1. This is a reference under Section 256(1) of the I.T. Act, 1961 (hereinafter referred to as 'the Act'), It relates to the assessment year 1965-66, the previous year ended on March 31, 1964. The assessee, M/s. Gupta Traders Kanpur, a partnership firm, had filed its return of income on September 27, 1965. The assessee-firm was constituted of two partners. Deo Prakash Gupta with a 10 annas share and his son, Sheo Autar Gupta, with 6 annas share. In his order made under Section 185(1)(b) of the Act on March 16, 1970, the ITO found that the assessee-firm had not carried on any business in the status of the firm and the business actually belonged to Deo Prakash Gupta, As such the proceedings in the case of the firm were filed (sic). The income shown in the return filed by the firm was to be considered in the case of Deo Prakash Gupta in his individual capacity. Deo Prakash Gupta in his individual return, had disclosed an income of Rs. 20,100. However, the assessment was framed in his case on a total income of Rs. 48,801. In other words, the entire income of the assessee-firm was included in the case of Deo Prakash Gupta, individual.
2. The assessee filed an appeal against the order made under Section 185(1)(b) of the Act. The AAC allowed that appeal and held that the assessee-firm was a genuine firm. Thereafter, the ITO made the assessment on the assessee-firm on 30th November, 1970. From that order the assessee filed an appeal before the AAC and it was contended that since no assessment had been made on the assessee-firm on the basis of the return filed by it within the period of four years from the end of the relevant assessment year and also as no action had been taken under Section 147 of the Act, the assessment having been made beyond the period of limitation, was not legal and valid. That contention found favour with the AAC and the assessment was cancelled.

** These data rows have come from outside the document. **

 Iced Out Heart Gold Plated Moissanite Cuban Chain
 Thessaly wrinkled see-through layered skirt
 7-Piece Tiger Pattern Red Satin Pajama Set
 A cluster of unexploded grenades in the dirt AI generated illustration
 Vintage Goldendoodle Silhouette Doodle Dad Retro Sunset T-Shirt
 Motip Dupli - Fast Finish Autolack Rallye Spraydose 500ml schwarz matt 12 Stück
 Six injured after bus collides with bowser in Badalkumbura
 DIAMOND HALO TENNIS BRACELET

3. The ITO thereafter initiated proceedings under Section 147 of the Act and issued a notice under Section 148 on January 18, 1972. In response to that notice the assessee filed a return with a forwarding letter dated February 25, 1972. It was contended by the assessee in that letter that the initiation of the proceedings was bad inasmuch as these proceedings were barred by time. The ITO did not accept that contention and completed the assessment on January 25, 1973, determining the total income at Rs. 48,861.

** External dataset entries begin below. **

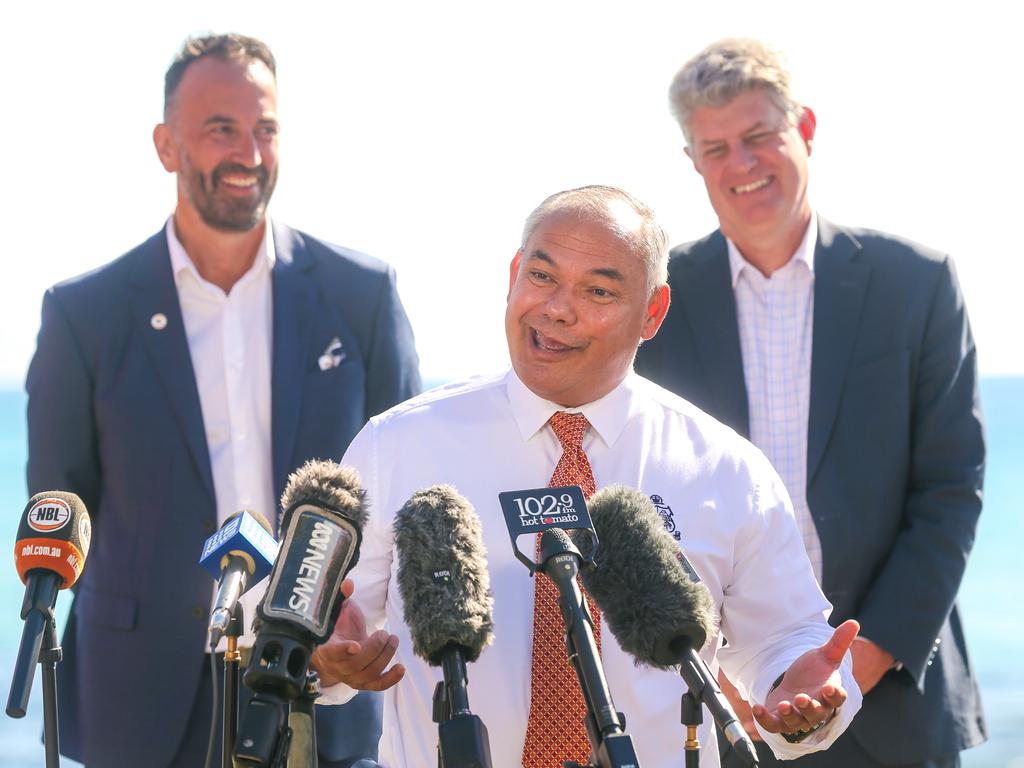 NBL CEO David Stevenson (left), Gold Coast Mayor Tom Tate and The Hon. Stirling Hinchliffe, Minister for Tourism promoting the NBL Blitz preseason tournament that will be held on the Gold Coast. Picture: Glenn Campbell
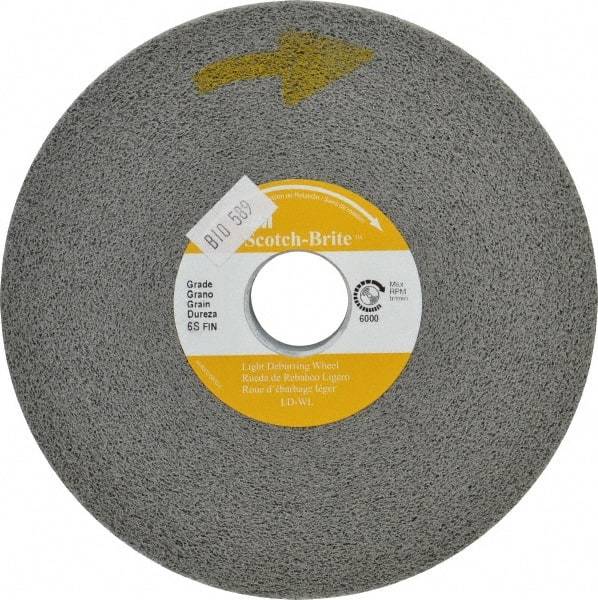 3M - 6" Diam, 2" Face Width, 1" Center Hole, Medium Grade, Aluminum Oxide Deburring Wheel - Convolute, Medium Density 5 Grade, 6,000 RPM - Apex Tool & Supply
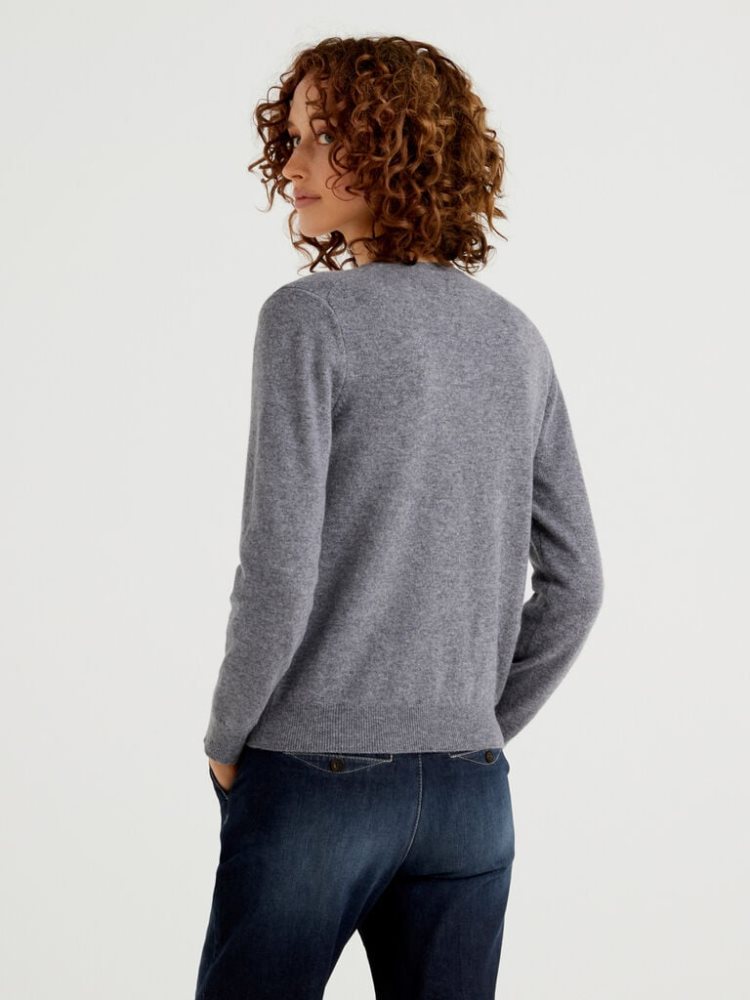 Benetton Crew Neck Pure Merino Wol Cardigan Dames Grijs | BE921947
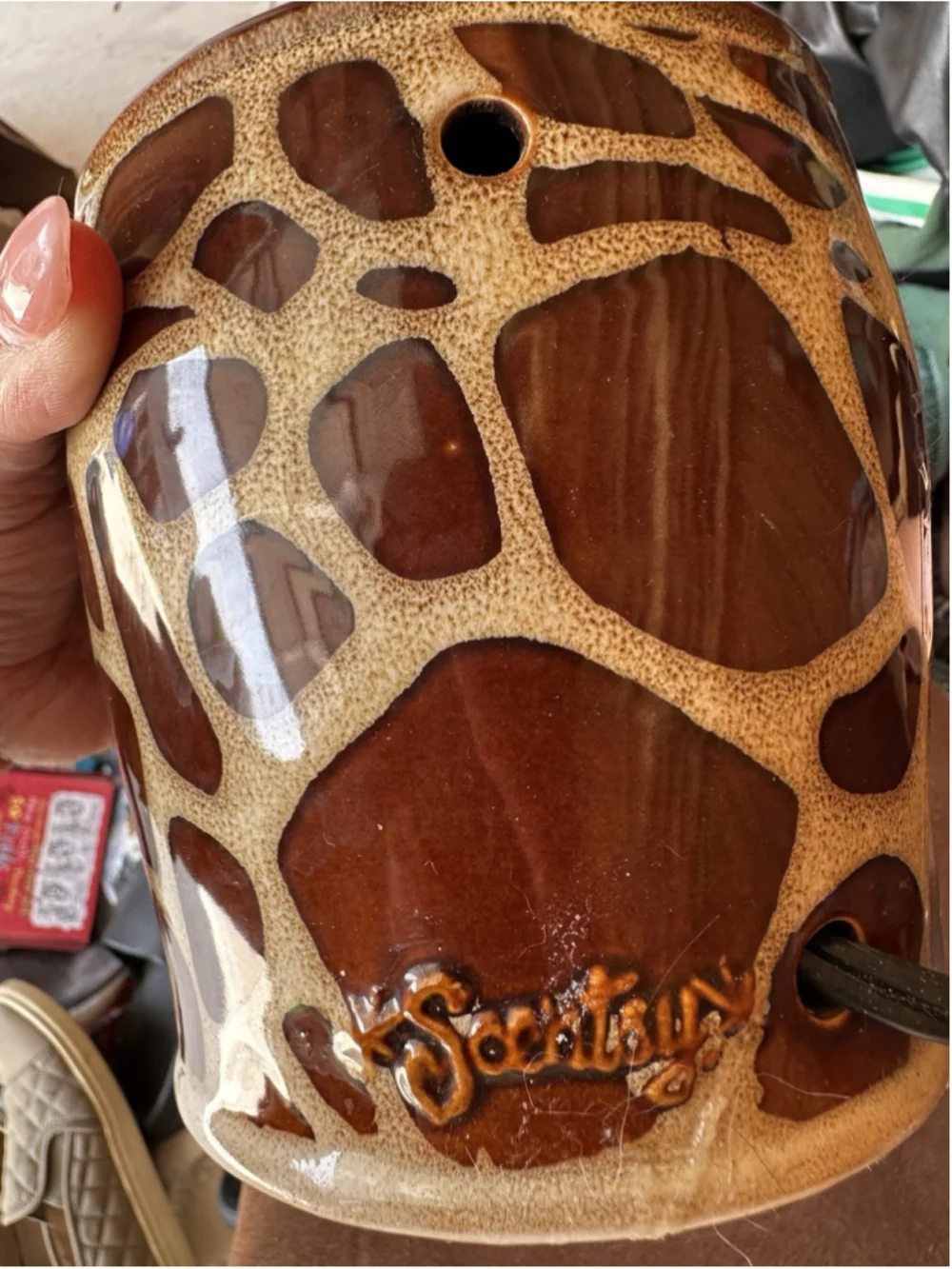 Scentsy Giraffe Full Size Wax Warmer Safari Animal Print with Tray Bulb Retired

4. The assessee filed an appeal. The AAC dismissed the appeal by order dated February 16, 1974. The reason given was that in the appeal filed by Deo Prakash Gupta, who had 10 annas share in the firm, it will be presumed that the assessee had full knowledge of the proceedings and hence the present proceedings did not suffer from any legal defect. The assessee then took up the matter in further appeal before the Appellate Tribunal,The Appellate Tribunal on a consideration of the provisions contained in Section 150(1) read with Expln. 3 to Sub-section (3) of Section 153 posed the question as to whether in the instant case the AAC can be said to have allowed the, assessee-firm an opportunity of hearing while disposing of the appeal filed by Deo Prakash Gupta The Tribunal found that technically no notice had been given to the assessee-firm, but since 'it was the case of the firm itself that it was genuine and Sri Deo Prakash Gupta was a 10 annas partner in the firm and the other partner was his son only, we are inclined to hold that the assessee-firm was virtually given an opportunity if not technically'. In this view of the matter, the Tribunal held that the assessment made in pursuance of the notice under Section 148 was not barred by limitation.

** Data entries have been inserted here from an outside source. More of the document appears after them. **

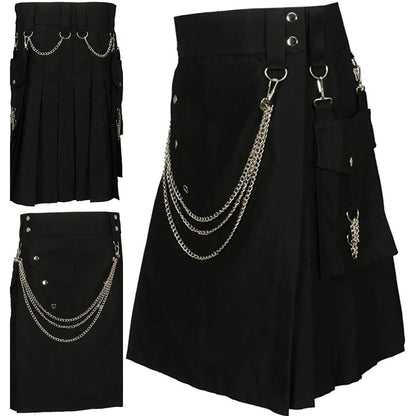 Funki Findz | Skirts | Men's Gothic Kendo Pocket Chain Link Kilts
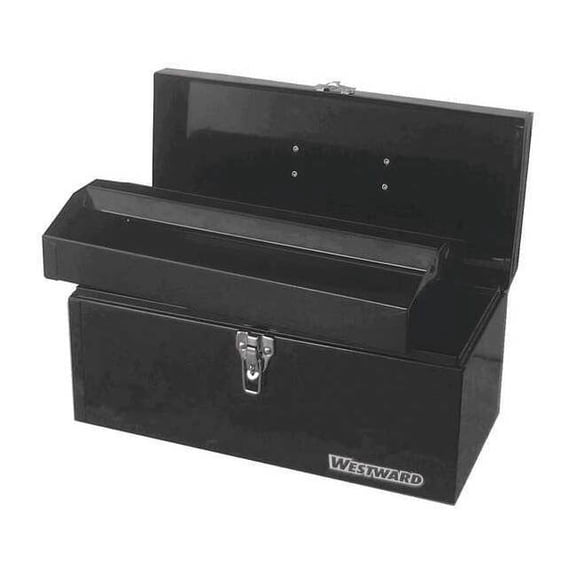 WESTWARD Tool Box, Plastic, Steel, Black, 16 in W x 7 in D x 7-1/2 in H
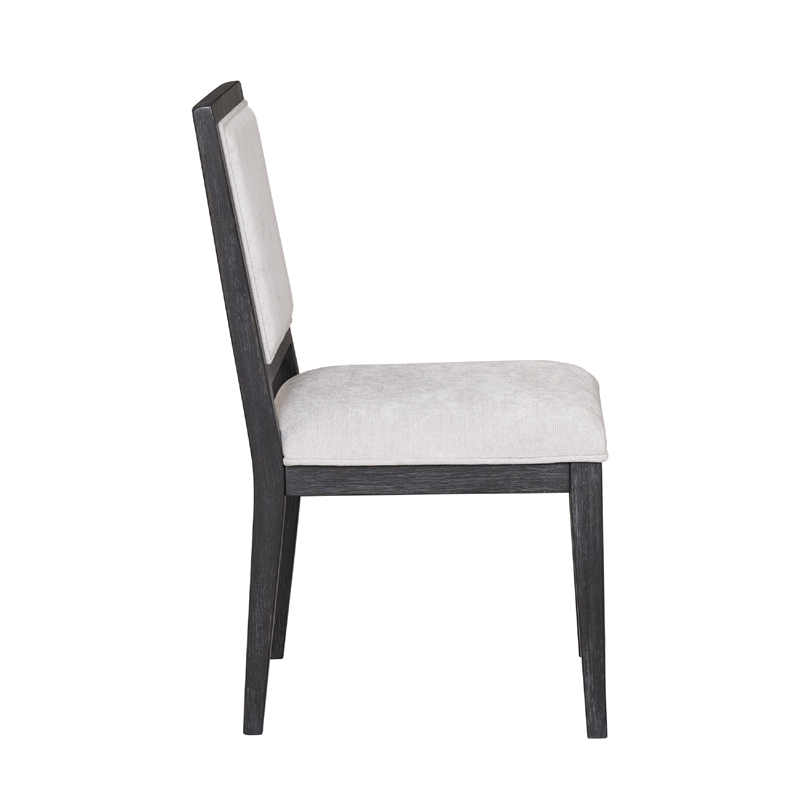 Kizie Dining Side Chair Set of 2-Farmhouse Panel Design-Black Wood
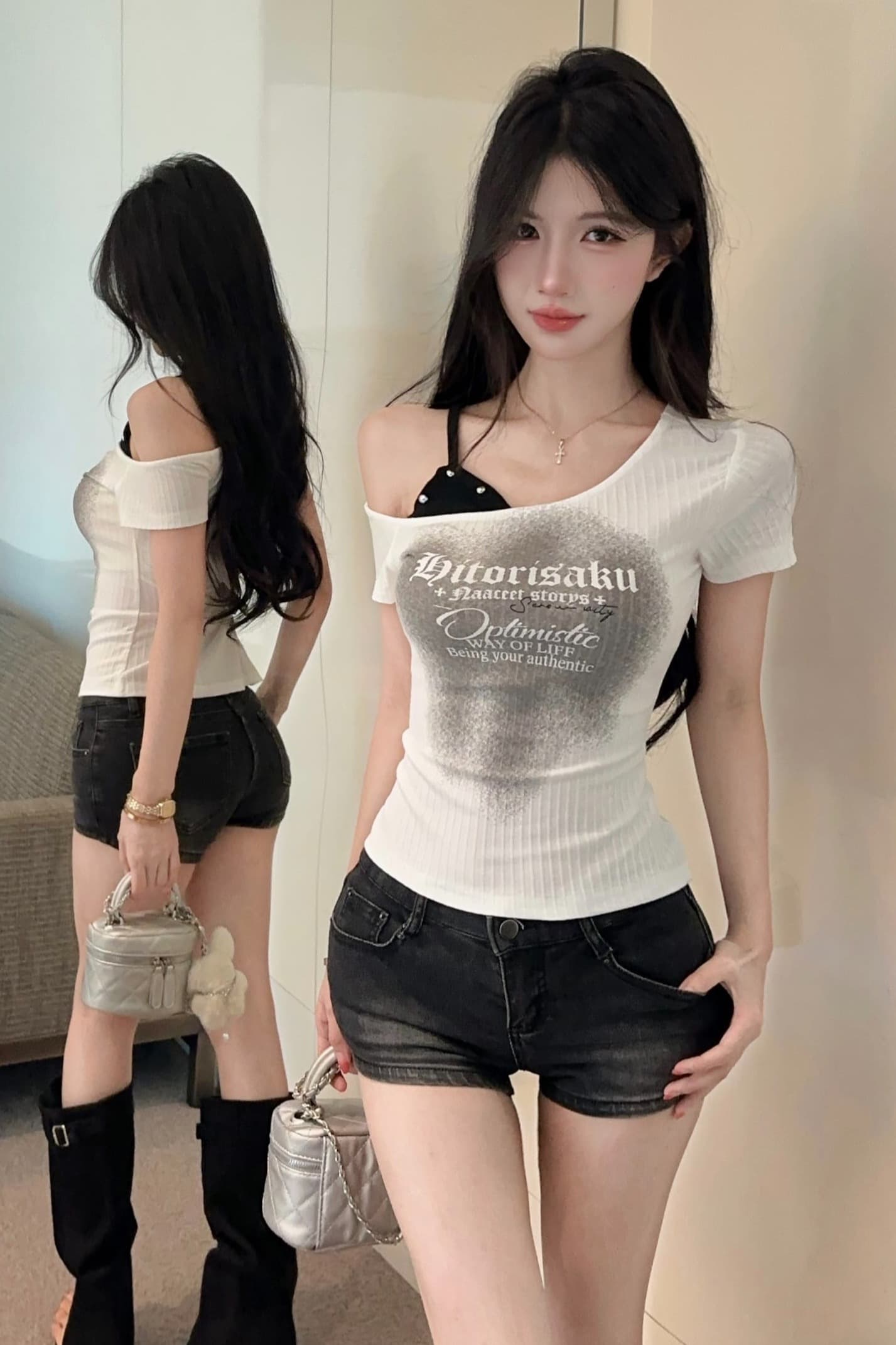 실사 정가 핫걸 다용도 반팔 티셔츠 여성 여름 알파벳 프린트 페이크 레이어드 몸매 가꾸기 슬림해 보이는 기본 셔츠 이미지 6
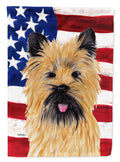 USA American Flag with Cairn Terrier House Flag 28x40 Porch Sleeve Pole Decorative Outside Yard Banner Artwork Wall Hanging, Polyester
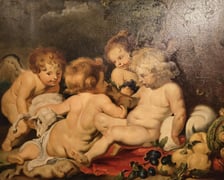 <p>Chrystus i św. Jan Chrzciciel jako dzieci (fragment) | nieokreślony malarz wg Petera Paula Rubensa | olej na pł&oacute;tnie | XIX w. (?) | z wystawy Rubens na Śląsku w Muzeum Narodowym we Wrocławiu</p>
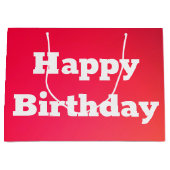 Roze koraal Gelukkige Verjaardag Gift Bag Groot Cadeauzakje (Voorkant)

5. At the instance of the assessee, the Appellate Tribunal has referred the following questions of law for our opinion :
'1. Whether, on the facts and in the circumstances of the case, it can lawfully be said that the proceedings pursuant to the return filed on September 27, 1966 (sic), September 27, 1965, were closed on March 16, 1970 ?
2. Whether, on the facts and in the circumstances of the case, the proceedings under Section 147 were bad in law ?
3. Whether, on the facts and in the circumstances of the case, the provisions of Section 150(1) and Explanation 3 to Section 153 are attracted and the Tribunal was correct in holding that Sri Deo Prakash Gupta, one of the partners. having 10 annas share in the firm, could be .said to have been given opportunity entitling the assessment of the firm within the meaning of Explanation 3 of Section 153 ?'
We were addressed by Sri R.K. Gulati, learned counsel for the assessee, on question No. 3 alone and we agree with him that if on this question we accept the assessee's case, we need not answer questions Nos. 1 and 2. Therefore, we shall first take up question No. 3.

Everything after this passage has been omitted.